I do not mean to pick upon my parents unfairly. My mother makes a delightful baked ziti that the neighborhood kids would devour. Chicken parmigiana was always delicious, and my father’s holiday turkey and potato stuffing are legendary. My sister attempts to re-create my mother’s meatloaf for her husband, only to be told time and time again that she’s close, but no cigar. Yet it is in many ways the foods I disliked that stay with me. I still harbor an aversion to fish, which given that all I had as a kid had been previously frozen into Piscean icebergs is rather understandable. I distrust sauces that don’t come with lengthy descriptions discounting ketchup as a main ingredient. I hate blue cheese, because blue cheese just sucks.

I’ve gotten to be an okay cook in the last few years. I can follow a recipe like nobody’s business, but I hope to someday be like my husband. He’s very good at just opening up the pantry and throwing some stuff together to make a meal. I have to plan, make sure I have all the ingredients, follow each step religiously to ensure an acceptable result. My current specialty is a short rib tagliatelle dish by Giada DeLaurentiis. It is a slow-cooked meal that simmers for hours, filling the house with the smell of rosemary, roasted tomatoes and basil. I usually make it on weekends so I can enjoy the aroma, and a glass of wine as it cooks. I have two little girls and I like to think they are absorbing it all- the flavors, the scent, the taste of the finished product. Perhaps it will be their food memory, helping me measure spices and stir the sauce, then spending the afternoon playing while dinner simmers away.

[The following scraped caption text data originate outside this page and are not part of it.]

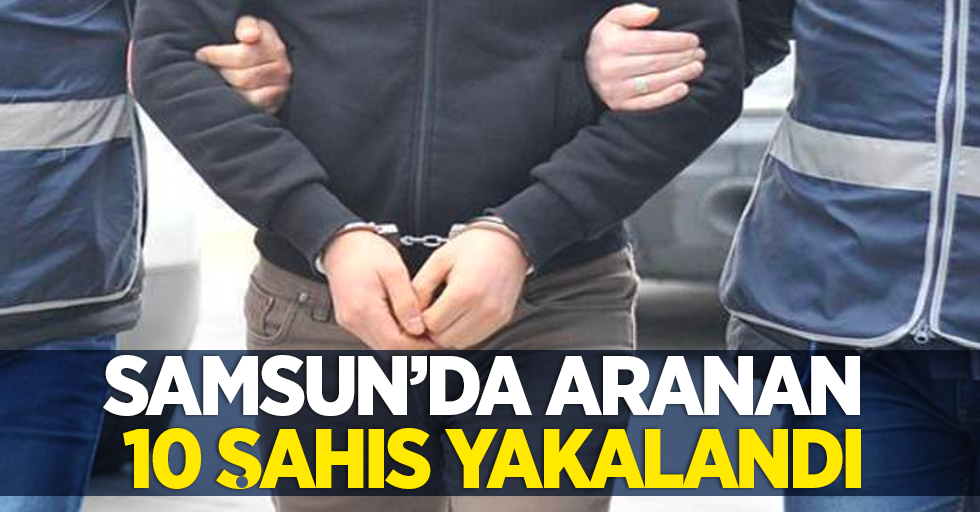 Samsun'da aranan 10 şahıs yakalandı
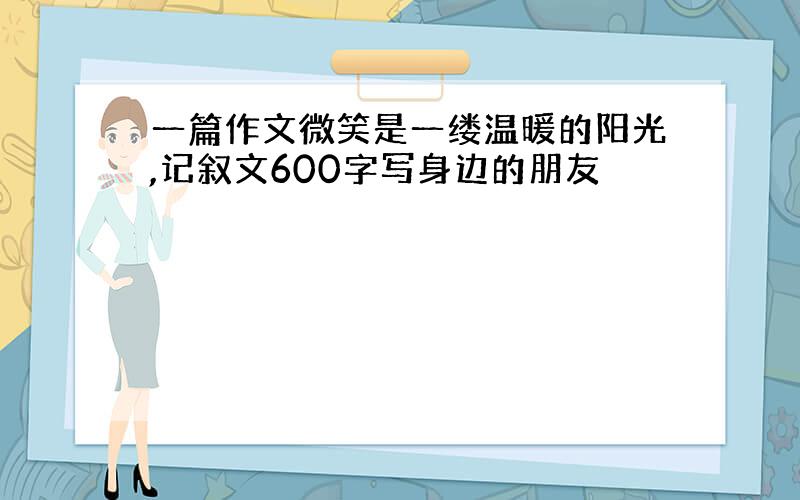 一篇作文微笑是一缕温暖的阳光,记叙文600字写身边的朋友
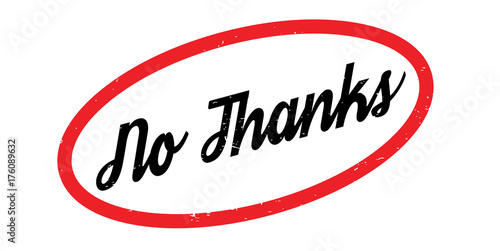 No Thanks rubber stamp. Grunge design with dust scratches. Effects can be easily removed for a clean, crisp look. Color is easily changed.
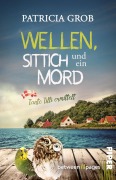 Cover-Bild zum Titel 'Wellen, Sittich und ein Mord - Tante Tilli ermittelt' von 'Patricia Grob'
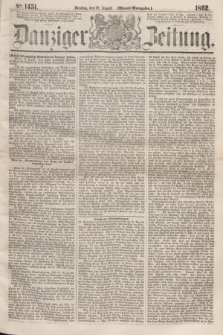 Danziger Zeitung. 1862, № 1451 (19 August) - (Abend=Ausgabe.)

The girls are remarkably good eaters, but of course they like to whine every so often about what I’ve made. Perhaps I should give them something to complain about and make goulash tomorrow night for dinner. That’lll teach ‘em.

Ch-ch-ch-changes!

The house has been cleaned, de-cluttered and organized to the point of being useless. If everything is put away, how am I supposed to find it?

We are moving.

I am pregnant. Again.

I’m also not working.

It has been an eventful few months, culminating in our decision to leave the area where we’ve lived (individually and together) for 13 years.

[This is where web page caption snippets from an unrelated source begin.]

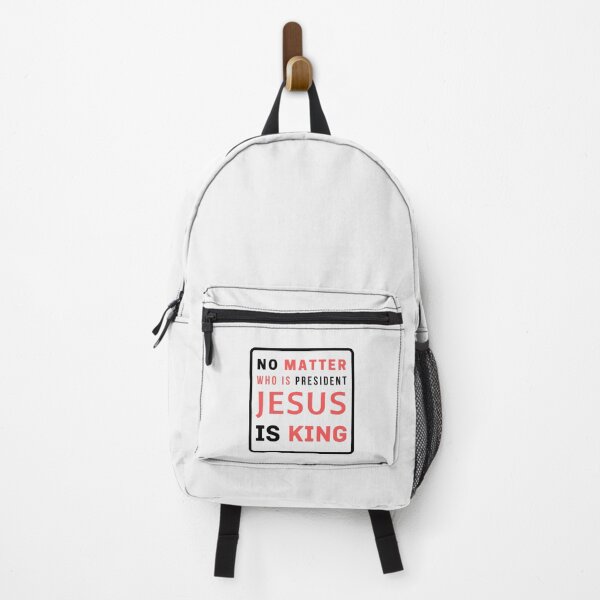Item preview, No Matter Who Is President Jesus Is King designed and sold by Ogrelink.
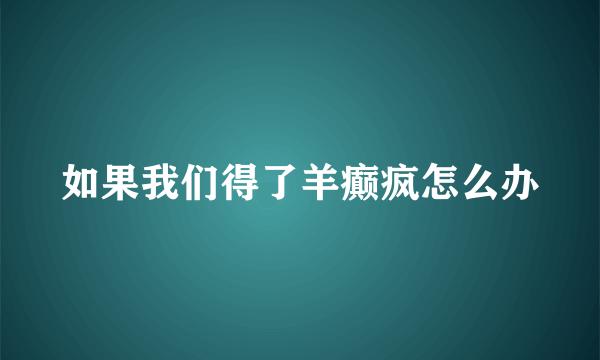 如果我们得了羊癫疯怎么办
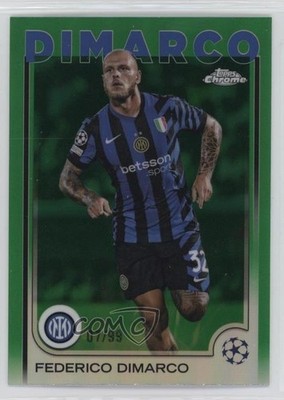 2024-25 Chrome UEFA Club Competitions Green Refractor /99 Federico Dimarco 0t30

You’ll recall my little depressive episode back in the fall. I’m being humorous, minimizing it, but it shook me terribly. A demon I thought I had under control with therapy and medication woke from its slumber with a vengeance. I landed in the ER at one point because I stood in front of our stupid Keurig coffee machine and could not remember the steps for using it. I have no idea how long I stood there, trying to remember what I came into the kitchen to do. My husband called and I couldn’t form sentences. Those commercials for anti-depressants show that little grey cloud following you around or a woman looking longingly out of a rainy window. They don’t tell you about losing all higher brain function, wanting to curl up in the fetal position and die while a doctor asks you who the president is and orders an MRI to make sure you didn’t have a stroke at the ripe old age of 35.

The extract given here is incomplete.